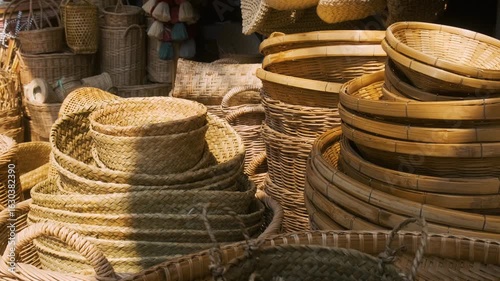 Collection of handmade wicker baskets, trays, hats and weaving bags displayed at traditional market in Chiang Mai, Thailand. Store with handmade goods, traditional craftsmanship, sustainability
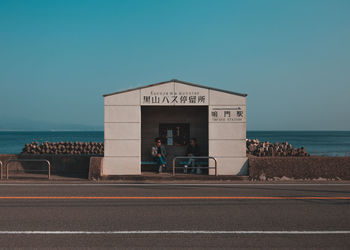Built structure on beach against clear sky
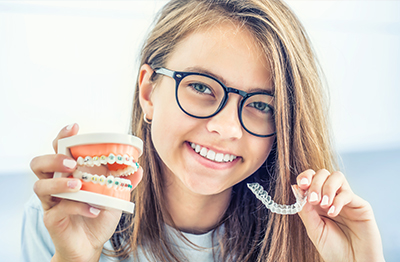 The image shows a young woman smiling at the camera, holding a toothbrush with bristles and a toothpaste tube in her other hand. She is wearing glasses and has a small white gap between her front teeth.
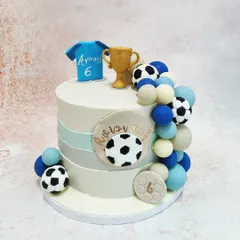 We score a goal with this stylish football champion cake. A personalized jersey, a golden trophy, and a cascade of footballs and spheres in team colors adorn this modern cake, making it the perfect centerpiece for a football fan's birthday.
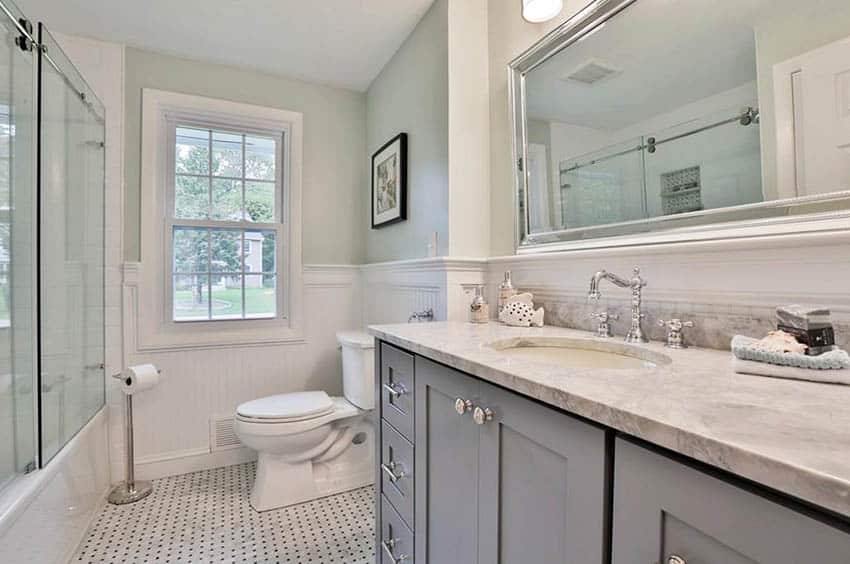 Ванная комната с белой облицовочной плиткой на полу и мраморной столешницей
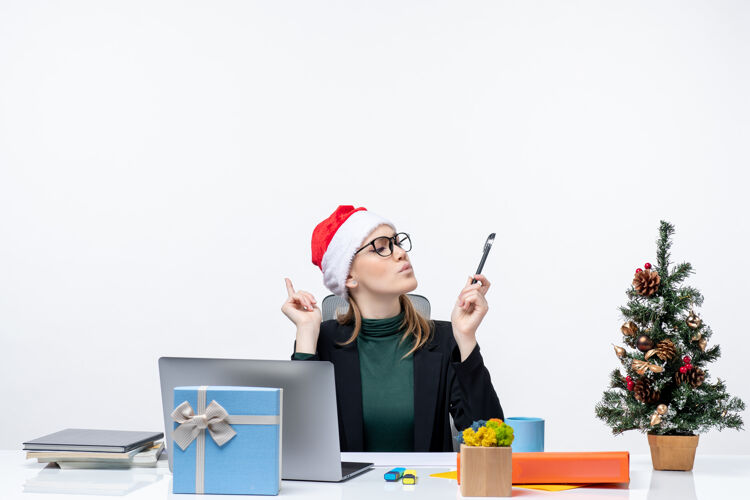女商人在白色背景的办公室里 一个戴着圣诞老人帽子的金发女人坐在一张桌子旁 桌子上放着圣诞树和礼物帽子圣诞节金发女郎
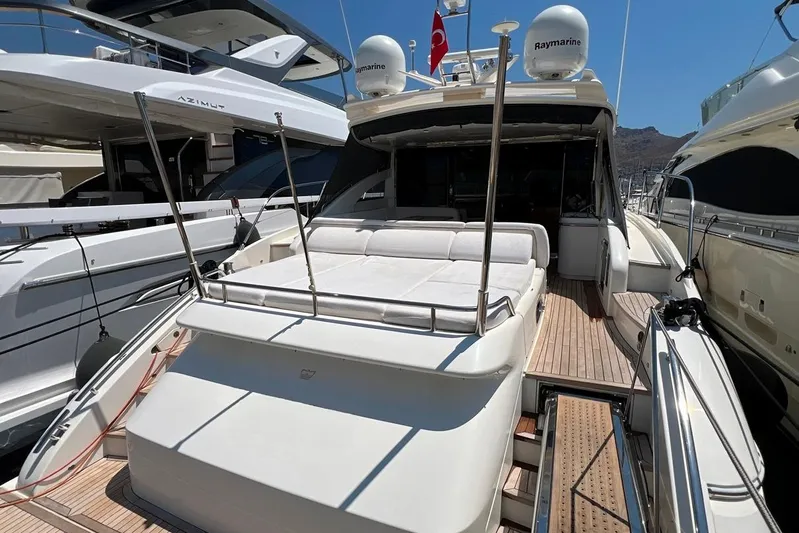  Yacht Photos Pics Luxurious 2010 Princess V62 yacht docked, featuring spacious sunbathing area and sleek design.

----------------

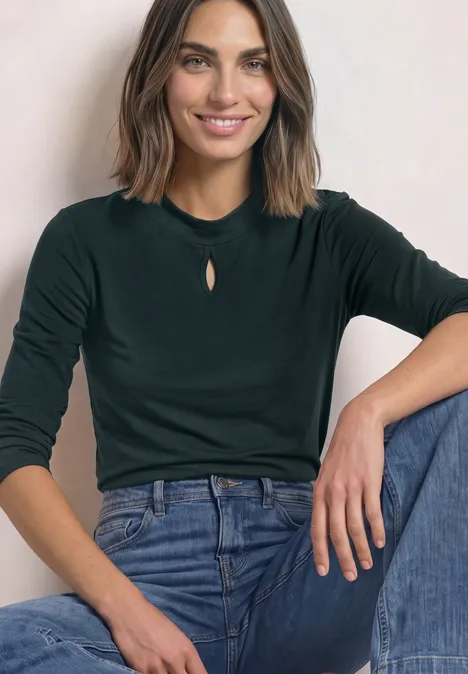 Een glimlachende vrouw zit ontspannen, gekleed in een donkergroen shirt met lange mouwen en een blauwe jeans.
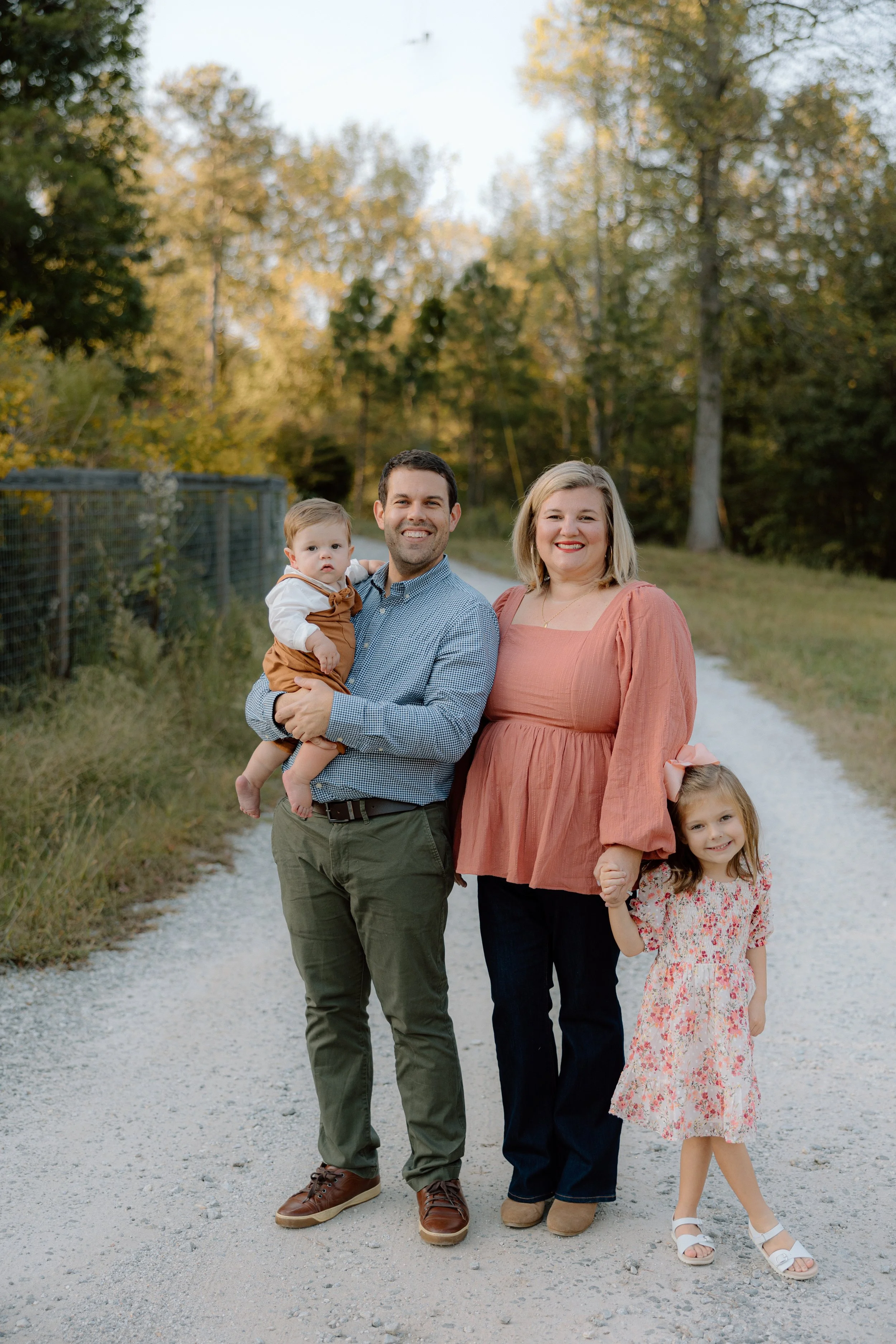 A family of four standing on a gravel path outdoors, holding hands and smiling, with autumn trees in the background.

----------------

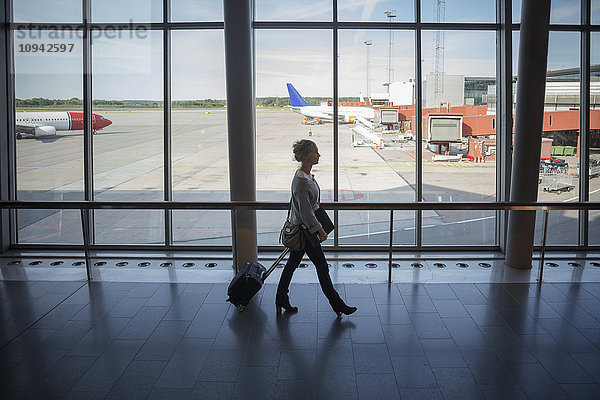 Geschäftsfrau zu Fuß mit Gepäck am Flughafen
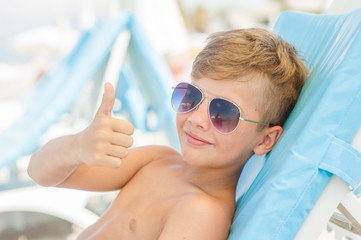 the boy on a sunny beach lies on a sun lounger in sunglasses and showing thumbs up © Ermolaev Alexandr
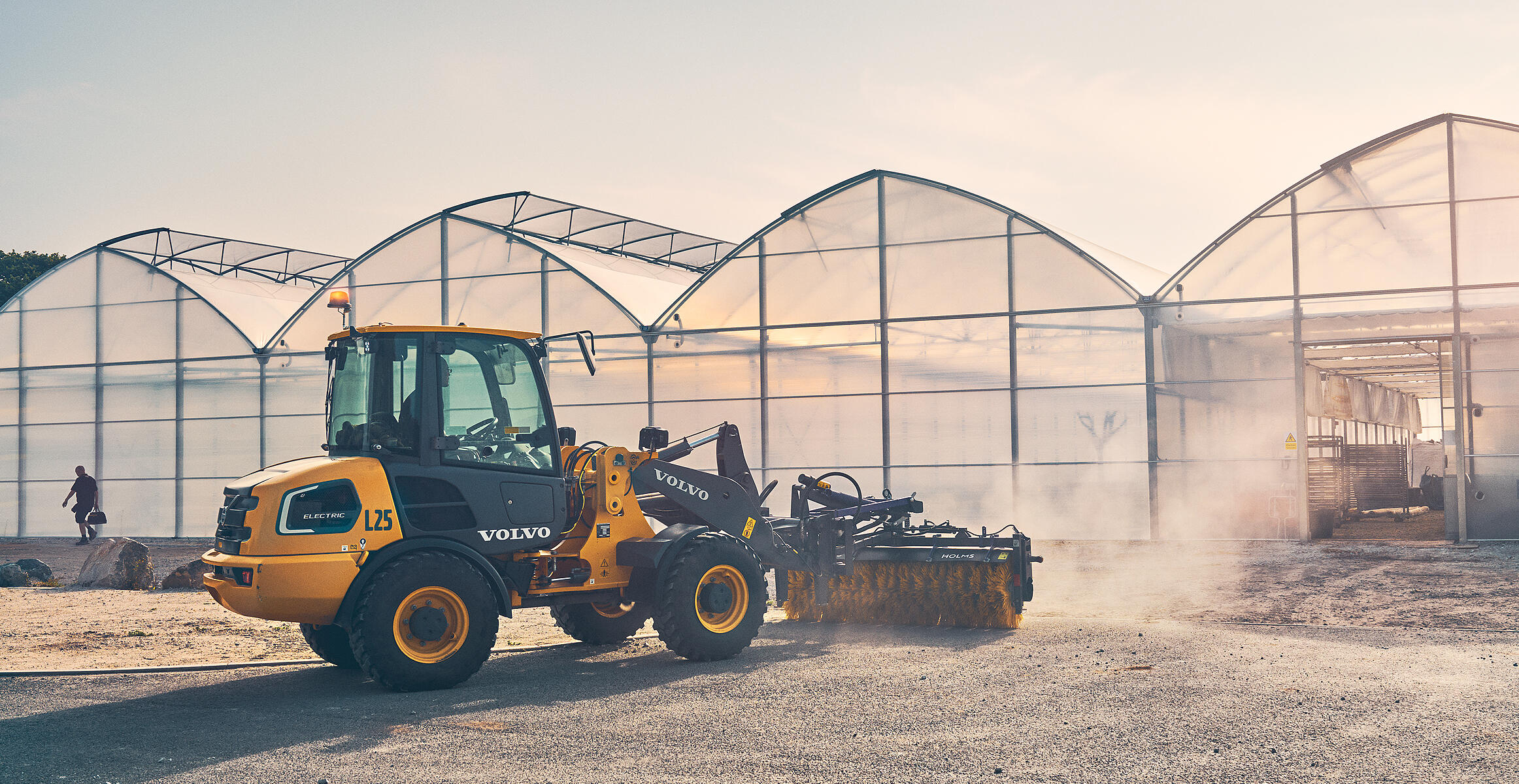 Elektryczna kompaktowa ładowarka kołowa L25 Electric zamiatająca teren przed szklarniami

----------------

### The problem
Lines wanted from the entries above: the one with "Ванная комната с", the one with "Yacht Photos Pics", and all lines between. Please copy them exactly, without the pictures and without anything else.

### Solution to the problem
 Ванная комната с белой облицовочной плиткой на полу и мраморной столешницей
女商人在白色背景的办公室里 一个戴着圣诞老人帽子的金发女人坐在一张桌子旁 桌子上放着圣诞树和礼物帽子圣诞节金发女郎
  Yacht Photos Pics Luxurious 2010 Princess V62 yacht docked, featuring spacious sunbathing area and sleek design.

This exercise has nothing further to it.